Italy tightens Wurbs crown but holds back from blockade
Prime Minister Giuseppe Conte said Monday that Italy will tighten COVID restrictions but refrains from re-imposing a nationwide blockade in an attempt to respond to a wave of infections, hospitalizations and deaths.
Conte told parliament that stricter measures are now needed, including restrictions on travel between the hardest hit regions and a night curfew, given the resurgence of a “second wave” of the virus.
The daily number of infections in Italy has increased tenfold in the past month, setting a record of nearly 32,000 on Saturday, while employment in intensive care units has skyrocketed.
“Despite our efforts… the development of the epidemic in recent days is a serious concern,” Conte said, warning that ICUs will be overwhelmed in 15 of Italy’s 20 regions over the next month if not accepted. more severe actions.
“We need to take more stringent measures,” he told lawmakers, saying the country would be divided into three areas based on the level of risk, with some places facing stricter restrictions than others.
Risk levels will be set based on a series of 21 parameters, including the number of people with symptoms, the rate of infection and the availability of hospital beds, Conte said.
The health ministry said Monday the number of patients in the intensive care unit increased by more than 2,000, more than when Italy became fully nationwide during the first wave in the spring.
About 22,253 new infections were reported in the past 24 hours, up from nearly 30,000 the previous day, indicating a sharp decline in the number of smears performed. On Mondays, the incidence usually decreases and the ratio of test positives to total remains stable.
The daily death toll from COVID-19 rose to 233 from 208 a day earlier.
Italy, the first European country badly hit by the virus, has recorded over 38,000 deaths since the outbreak began in late February, the second-highest death toll on the continent after the UK.
The latest measures will be included in the government decree, which will be issued in the coming days.
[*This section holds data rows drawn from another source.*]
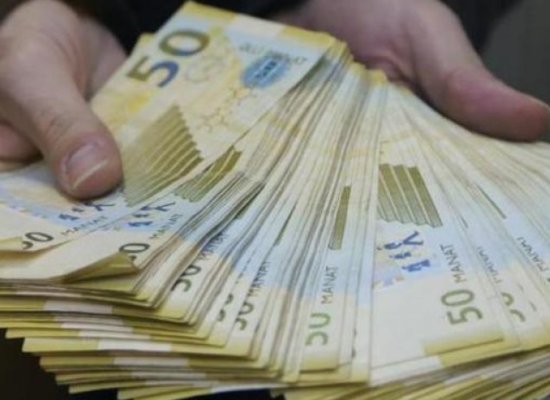 Azerbaijan's public debt projected at 27.6 bln AZN by Jan 1, 2027 &mdash; Finance Ministry
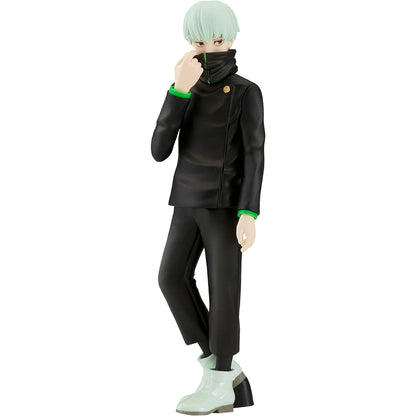 Jujutsu Kaisen - Toge Inumaki - Figur - 15cm - Bandai Banpresto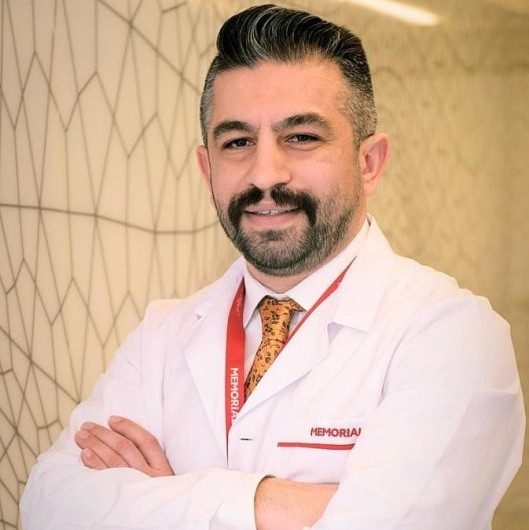 OP. DR. VAHİT MUTLU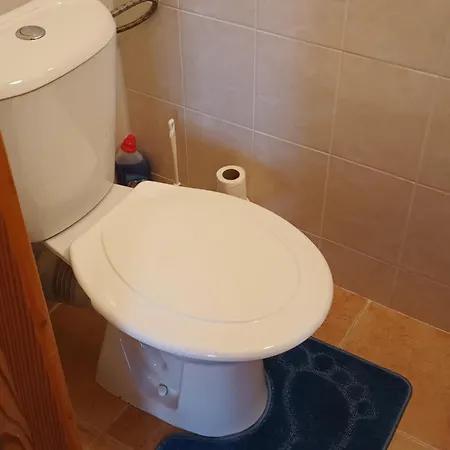 Jindřiška Prázdninový areál *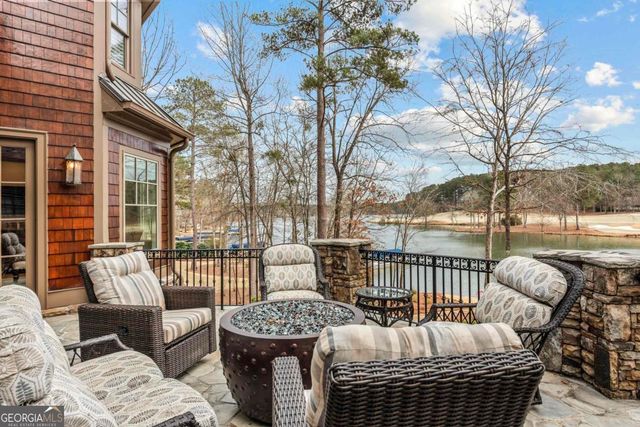 1251 Lake Club Drive, Greensboro, GA 30642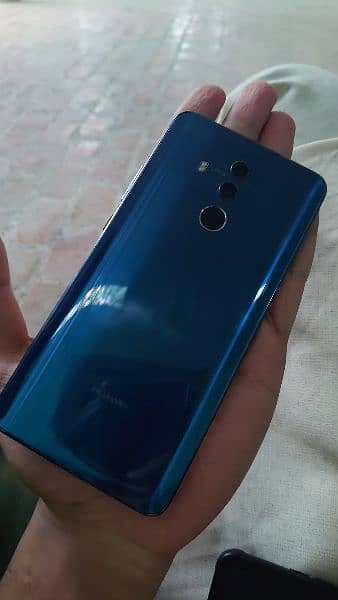 Huawei mate 10 pro Pta approved 1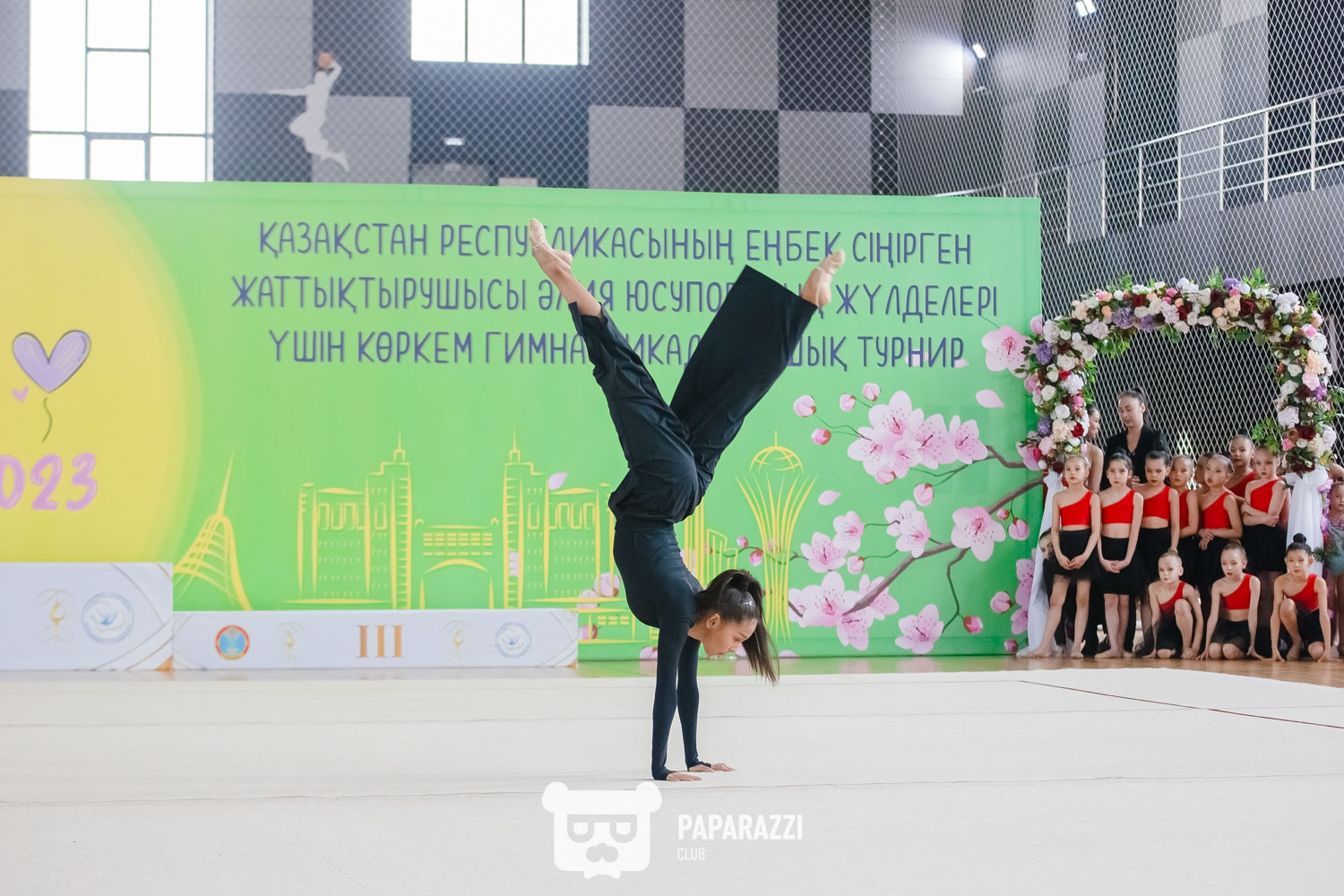 Baby Cup 2023 Астана 11.05.2023 Baby Cup 2023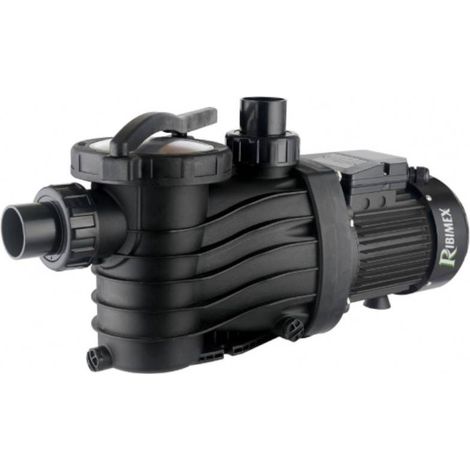 Pompe pour piscine 800W – Débit 10 m/h – Compatible piscines de taille moyenne – Moteur économe en énergie – Circulation efficace – D-Work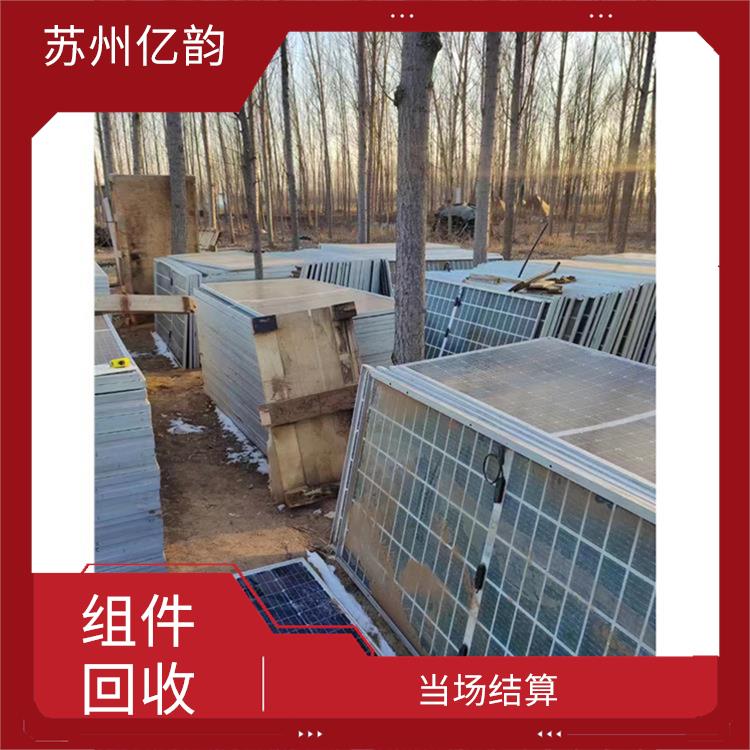 临沂高价太阳能组件回收 快速响应 价格合理
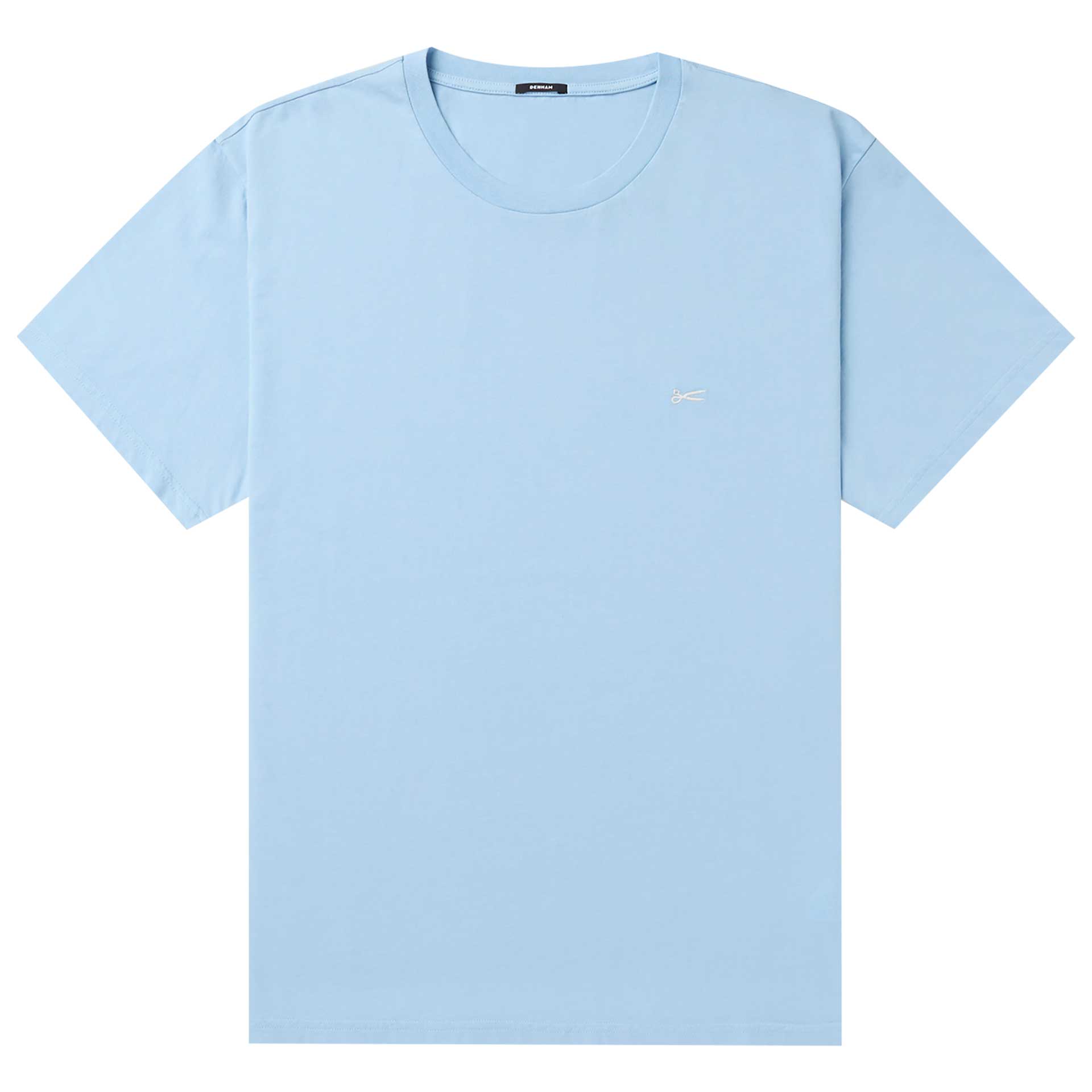Denham T-Shirt Scissor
This is the fourth decree passed in less than a month, as Conte gradually ramped up his efforts to slow the epidemic, but without much success.
He did not elaborate on what measures will be taken in the hardest hit areas, but said the strictest restrictions across the country would include closing shopping malls on weekends and reducing the restriction on public transport capacity to 50% from 80%.
He also announced a nationwide night curfew, but did not say when it would take effect.
Gyms, cinemas and theaters are already closed throughout Italy, bars and restaurants must close at 6:00 pm, people must not host more than six guests, and masks are required outdoors and in public buildings.
Conte said he knew the damage the new restrictions would do to business as he recovered from the first Italian crisis between March and May, but staying healthy was the only way to help the economy in the medium term.
“The more effectively we reduce the spread of infection, the faster we can loosen restrictions and avoid an unsustainable deterioration in our economic and social fabric,” he said.